One thing I notice though, is the CPU load his 100% and if the buffer is 32-64MB, it's at 100% usage for 10-20 seconds before I start to get IO blocking. .. I'm wondering if something else is going on and the blocking on writing is a result, not a cause. Maybe if I can find what's maxing the CPU and that's fixed, all these problems will go away.
Is there a specific way myth should be profiled? I'll gladly profile it I can get the instructions on how for Myth. I think if we can find what's killing the CPU, we can find out what's causing these problems.
One side note, with the buffer set high I do start seeing "taking a long time to flush" which is coming from the TFW.
comment:25 Changed 18 years ago by
Profiling MythTV backend:
./configure --compile-type=profile [+ normal options] make clean; make su make install opcontrol --deinit ; opcontrol --init # assuming Intel P4, the next line is correct, for other CPUs you may # may need to count something other than INSTR_RETIRED opcontrol --image=/usr/local/bin/mythbackend -e INSTR_RETIRED:6000:0x0f:0:1 /etc/init.d/mythbackend restart # now start a recording and wait for bad behaviour, then run the following opcontrol --reset ; opcontrol --start # now wait a minute or two then run opcontrol --stop ; opcontrol --dump ; opreport --merge tgid -l --image-path=/usr/local/bin > report.txt emacs report.txt &
This assumes you have oprofile installed, I'm using version 0.9.1. On my machine mythbackend only uses a few % of CPU and the highest percentage is used by malloc.

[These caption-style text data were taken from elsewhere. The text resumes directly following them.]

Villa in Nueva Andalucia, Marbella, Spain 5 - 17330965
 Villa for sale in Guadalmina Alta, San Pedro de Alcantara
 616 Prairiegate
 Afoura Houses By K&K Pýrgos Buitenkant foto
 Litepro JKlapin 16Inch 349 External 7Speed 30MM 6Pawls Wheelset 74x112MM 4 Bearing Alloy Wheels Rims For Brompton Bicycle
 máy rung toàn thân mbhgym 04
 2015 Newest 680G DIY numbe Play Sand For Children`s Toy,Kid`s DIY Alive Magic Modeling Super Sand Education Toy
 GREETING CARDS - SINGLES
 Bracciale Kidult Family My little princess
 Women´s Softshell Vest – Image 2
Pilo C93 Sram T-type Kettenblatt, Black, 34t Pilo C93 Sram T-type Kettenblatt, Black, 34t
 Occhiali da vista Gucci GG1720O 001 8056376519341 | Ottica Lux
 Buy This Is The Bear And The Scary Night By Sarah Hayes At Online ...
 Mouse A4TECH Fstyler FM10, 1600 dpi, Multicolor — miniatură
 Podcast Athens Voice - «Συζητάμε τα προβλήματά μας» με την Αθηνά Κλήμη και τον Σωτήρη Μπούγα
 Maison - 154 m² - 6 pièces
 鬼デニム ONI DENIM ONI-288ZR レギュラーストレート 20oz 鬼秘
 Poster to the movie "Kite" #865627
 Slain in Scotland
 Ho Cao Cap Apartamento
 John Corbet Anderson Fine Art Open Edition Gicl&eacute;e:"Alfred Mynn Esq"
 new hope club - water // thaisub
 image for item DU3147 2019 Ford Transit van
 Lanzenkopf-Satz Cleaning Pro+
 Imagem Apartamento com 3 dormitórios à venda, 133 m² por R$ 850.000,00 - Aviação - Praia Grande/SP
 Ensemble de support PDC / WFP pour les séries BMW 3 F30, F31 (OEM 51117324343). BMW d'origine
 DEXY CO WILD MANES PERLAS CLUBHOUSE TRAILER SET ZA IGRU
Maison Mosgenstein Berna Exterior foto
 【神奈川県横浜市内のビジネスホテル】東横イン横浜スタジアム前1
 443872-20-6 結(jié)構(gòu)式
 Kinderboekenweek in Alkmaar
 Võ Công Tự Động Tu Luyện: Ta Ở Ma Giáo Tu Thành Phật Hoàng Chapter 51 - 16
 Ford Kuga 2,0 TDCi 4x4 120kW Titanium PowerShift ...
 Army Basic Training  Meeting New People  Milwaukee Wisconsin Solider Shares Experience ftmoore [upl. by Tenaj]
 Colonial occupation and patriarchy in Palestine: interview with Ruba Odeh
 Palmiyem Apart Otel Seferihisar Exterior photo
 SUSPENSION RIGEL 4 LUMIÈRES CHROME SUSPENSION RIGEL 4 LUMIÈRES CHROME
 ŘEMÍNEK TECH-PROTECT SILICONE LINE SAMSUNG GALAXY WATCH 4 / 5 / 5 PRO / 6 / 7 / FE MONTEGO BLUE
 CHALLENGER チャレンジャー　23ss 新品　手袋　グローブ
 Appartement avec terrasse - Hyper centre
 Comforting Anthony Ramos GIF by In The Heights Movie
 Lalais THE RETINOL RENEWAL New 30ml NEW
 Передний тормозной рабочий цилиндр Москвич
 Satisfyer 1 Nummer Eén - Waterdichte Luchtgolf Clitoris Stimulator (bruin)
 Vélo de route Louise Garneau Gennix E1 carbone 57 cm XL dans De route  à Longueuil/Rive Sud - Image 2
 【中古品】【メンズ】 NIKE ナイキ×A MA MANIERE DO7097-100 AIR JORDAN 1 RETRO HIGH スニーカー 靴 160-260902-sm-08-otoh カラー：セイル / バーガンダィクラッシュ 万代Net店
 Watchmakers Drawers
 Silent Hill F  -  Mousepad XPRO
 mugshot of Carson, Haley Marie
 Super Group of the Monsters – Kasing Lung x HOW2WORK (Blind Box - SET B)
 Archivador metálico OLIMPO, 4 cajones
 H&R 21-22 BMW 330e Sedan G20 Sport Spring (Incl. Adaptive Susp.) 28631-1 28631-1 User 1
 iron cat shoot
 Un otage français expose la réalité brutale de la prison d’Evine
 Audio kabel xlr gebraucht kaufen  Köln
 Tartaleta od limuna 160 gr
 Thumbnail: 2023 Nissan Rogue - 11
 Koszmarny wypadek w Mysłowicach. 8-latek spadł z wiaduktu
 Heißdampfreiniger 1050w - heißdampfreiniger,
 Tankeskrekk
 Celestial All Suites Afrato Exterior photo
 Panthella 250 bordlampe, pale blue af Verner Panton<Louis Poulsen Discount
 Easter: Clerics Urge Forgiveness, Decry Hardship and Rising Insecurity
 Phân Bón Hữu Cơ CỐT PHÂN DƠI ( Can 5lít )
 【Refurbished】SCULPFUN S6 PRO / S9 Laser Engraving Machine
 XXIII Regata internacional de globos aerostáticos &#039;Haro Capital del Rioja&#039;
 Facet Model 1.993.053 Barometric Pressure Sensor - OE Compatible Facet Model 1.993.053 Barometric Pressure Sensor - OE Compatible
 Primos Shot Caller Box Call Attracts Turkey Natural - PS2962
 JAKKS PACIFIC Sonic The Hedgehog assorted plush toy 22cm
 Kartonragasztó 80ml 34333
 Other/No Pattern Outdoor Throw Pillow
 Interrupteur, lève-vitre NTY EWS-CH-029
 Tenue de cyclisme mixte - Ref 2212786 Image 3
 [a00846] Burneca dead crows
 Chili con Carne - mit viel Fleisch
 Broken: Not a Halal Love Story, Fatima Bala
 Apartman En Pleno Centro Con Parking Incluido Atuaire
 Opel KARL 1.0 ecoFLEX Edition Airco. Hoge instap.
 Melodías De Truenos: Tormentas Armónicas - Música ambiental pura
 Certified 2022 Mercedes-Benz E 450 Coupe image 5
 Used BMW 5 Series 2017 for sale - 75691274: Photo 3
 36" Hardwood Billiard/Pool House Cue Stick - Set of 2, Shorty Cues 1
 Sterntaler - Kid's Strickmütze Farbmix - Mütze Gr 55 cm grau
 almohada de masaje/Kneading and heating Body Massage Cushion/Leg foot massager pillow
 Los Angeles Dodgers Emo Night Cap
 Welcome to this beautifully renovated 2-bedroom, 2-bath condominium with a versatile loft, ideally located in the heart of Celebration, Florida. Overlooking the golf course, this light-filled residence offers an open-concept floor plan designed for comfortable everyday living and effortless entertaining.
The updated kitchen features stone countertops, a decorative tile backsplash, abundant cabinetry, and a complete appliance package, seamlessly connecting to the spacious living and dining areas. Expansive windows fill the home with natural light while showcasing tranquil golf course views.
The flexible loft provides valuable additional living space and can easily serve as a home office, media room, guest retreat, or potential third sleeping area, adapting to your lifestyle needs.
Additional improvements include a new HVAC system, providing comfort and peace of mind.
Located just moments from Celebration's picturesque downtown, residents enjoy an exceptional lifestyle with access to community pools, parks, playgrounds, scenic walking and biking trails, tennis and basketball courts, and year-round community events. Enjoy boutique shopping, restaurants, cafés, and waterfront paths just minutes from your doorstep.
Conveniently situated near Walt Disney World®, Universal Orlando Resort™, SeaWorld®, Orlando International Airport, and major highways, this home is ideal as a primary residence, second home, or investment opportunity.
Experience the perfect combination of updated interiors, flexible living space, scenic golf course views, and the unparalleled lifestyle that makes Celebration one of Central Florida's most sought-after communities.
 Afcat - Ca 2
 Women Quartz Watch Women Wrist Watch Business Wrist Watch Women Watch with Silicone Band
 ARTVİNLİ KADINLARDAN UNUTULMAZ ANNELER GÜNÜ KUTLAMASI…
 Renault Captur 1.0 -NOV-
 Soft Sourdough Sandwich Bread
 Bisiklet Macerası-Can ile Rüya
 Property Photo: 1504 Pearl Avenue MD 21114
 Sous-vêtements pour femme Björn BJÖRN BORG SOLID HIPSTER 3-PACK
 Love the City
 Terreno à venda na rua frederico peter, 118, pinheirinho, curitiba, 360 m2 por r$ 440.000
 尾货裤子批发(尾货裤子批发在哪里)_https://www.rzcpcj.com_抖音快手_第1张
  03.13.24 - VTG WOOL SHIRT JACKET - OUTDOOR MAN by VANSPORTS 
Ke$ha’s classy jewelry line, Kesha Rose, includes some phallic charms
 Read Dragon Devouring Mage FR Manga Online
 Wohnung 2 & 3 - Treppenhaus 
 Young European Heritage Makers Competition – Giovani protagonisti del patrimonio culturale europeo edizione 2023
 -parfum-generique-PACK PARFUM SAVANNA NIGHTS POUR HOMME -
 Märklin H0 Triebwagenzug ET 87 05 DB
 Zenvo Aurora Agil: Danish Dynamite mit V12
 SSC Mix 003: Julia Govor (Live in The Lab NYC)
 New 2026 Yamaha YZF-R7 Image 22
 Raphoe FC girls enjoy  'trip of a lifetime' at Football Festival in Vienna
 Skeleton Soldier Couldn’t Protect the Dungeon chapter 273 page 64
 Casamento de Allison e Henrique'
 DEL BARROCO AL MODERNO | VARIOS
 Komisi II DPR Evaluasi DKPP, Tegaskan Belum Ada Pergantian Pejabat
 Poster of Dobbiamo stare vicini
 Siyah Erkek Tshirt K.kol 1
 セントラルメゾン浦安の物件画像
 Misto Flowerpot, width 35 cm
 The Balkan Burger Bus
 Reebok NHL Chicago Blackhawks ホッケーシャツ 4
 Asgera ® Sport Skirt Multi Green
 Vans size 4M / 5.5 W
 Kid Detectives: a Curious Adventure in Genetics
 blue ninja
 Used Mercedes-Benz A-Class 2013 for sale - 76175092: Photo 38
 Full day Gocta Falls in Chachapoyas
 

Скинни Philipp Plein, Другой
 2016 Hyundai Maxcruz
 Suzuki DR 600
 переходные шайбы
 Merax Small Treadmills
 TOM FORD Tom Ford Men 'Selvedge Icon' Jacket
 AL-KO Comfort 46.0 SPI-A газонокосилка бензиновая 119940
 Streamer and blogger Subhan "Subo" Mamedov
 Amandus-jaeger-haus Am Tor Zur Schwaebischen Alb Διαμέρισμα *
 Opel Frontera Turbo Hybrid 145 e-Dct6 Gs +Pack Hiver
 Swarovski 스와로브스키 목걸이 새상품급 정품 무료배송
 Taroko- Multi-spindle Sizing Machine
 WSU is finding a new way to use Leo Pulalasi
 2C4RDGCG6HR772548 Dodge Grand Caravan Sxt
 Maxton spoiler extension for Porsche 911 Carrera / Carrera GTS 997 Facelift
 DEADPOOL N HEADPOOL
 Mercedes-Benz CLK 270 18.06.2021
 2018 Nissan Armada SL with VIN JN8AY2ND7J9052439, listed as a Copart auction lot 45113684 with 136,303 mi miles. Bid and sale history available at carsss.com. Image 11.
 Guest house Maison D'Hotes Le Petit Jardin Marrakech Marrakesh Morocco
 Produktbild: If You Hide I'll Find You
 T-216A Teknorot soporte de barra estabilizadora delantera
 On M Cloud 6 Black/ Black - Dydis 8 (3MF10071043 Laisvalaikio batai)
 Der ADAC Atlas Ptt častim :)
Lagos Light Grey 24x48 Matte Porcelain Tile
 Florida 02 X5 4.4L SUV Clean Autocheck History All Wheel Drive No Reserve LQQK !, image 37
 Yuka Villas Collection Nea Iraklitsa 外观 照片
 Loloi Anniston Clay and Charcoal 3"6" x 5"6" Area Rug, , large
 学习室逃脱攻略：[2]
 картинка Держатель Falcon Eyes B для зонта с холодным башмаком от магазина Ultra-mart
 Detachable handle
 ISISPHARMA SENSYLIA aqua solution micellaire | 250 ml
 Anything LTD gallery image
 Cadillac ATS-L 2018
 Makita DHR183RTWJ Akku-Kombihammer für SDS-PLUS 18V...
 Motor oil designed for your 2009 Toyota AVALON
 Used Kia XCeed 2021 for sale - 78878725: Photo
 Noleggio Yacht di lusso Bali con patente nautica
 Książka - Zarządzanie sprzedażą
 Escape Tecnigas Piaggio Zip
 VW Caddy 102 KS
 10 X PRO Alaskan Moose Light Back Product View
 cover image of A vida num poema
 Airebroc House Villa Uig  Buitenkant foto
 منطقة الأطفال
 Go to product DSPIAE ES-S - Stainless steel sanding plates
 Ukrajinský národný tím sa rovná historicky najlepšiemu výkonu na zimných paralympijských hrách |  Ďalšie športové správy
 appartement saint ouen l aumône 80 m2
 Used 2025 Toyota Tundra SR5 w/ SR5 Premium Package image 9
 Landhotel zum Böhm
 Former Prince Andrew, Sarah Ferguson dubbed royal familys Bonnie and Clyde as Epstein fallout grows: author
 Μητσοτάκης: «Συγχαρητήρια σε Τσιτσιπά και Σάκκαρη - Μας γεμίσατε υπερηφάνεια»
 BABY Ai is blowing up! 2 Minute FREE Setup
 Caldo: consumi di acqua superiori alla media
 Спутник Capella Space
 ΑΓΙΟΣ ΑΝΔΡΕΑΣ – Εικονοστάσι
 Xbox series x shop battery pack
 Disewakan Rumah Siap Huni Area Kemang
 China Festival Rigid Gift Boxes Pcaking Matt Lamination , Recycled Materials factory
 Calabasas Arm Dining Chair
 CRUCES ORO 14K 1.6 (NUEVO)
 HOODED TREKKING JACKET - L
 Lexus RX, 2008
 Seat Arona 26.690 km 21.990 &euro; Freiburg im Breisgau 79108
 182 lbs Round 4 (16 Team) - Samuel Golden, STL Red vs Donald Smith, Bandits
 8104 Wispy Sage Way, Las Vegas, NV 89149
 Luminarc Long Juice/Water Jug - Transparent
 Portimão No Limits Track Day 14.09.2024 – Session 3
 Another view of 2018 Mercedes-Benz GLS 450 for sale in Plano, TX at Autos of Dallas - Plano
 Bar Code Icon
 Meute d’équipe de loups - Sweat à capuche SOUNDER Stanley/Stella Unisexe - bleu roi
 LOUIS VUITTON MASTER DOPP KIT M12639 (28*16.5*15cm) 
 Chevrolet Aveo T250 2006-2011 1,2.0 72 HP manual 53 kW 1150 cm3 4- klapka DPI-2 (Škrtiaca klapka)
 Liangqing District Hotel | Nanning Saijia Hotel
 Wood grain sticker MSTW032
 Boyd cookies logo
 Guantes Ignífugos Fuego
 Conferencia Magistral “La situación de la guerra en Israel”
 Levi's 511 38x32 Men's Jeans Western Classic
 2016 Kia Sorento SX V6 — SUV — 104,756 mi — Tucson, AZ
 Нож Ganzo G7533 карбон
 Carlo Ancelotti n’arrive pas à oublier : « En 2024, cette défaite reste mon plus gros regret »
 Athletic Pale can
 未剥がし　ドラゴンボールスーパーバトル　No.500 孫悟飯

comment:26 Changed 18 years ago by
I'm running an athlon 2500XP, and I couldn't find a -e option that worked, so I ran without this command line option. I'm not sure what to make of the results though (If this is normal/fine or not).
CPU: Athlon, speed 2088.63 MHz (estimated)
Just as a reminder, when blocking is going on, mythbackend is consuming 99%-100% of the CPU.
Run 1: 15 seconds while blocking was going on.
Counted CPU_CLK_UNHALTED events (Cycles outside of halt state) with a unit mask of 0x00 (No unit mask) count 100000 samples % symbol name
2 22.2222 QValueList<QString>::detachInternal()
2 22.2222 QValueListPrivate<QString>::QValueListPrivate()
2 22.2222 QValueListPrivate<QString>::insert(QValueListIterator<QString>, QString const&)
1 11.1111 MainServer::qt_invoke(int, QUObject*)
1 11.1111 QValueListPrivate<QString>::~QValueListPrivate()
1 11.1111 std::basic_stringbuf<char, std::char_traits<char>, std::allocator<char>
::_M_really_sync(unsigned int, unsigned int)
<EOF> .. so in 15 seconds myth only made these 6 calls it appears...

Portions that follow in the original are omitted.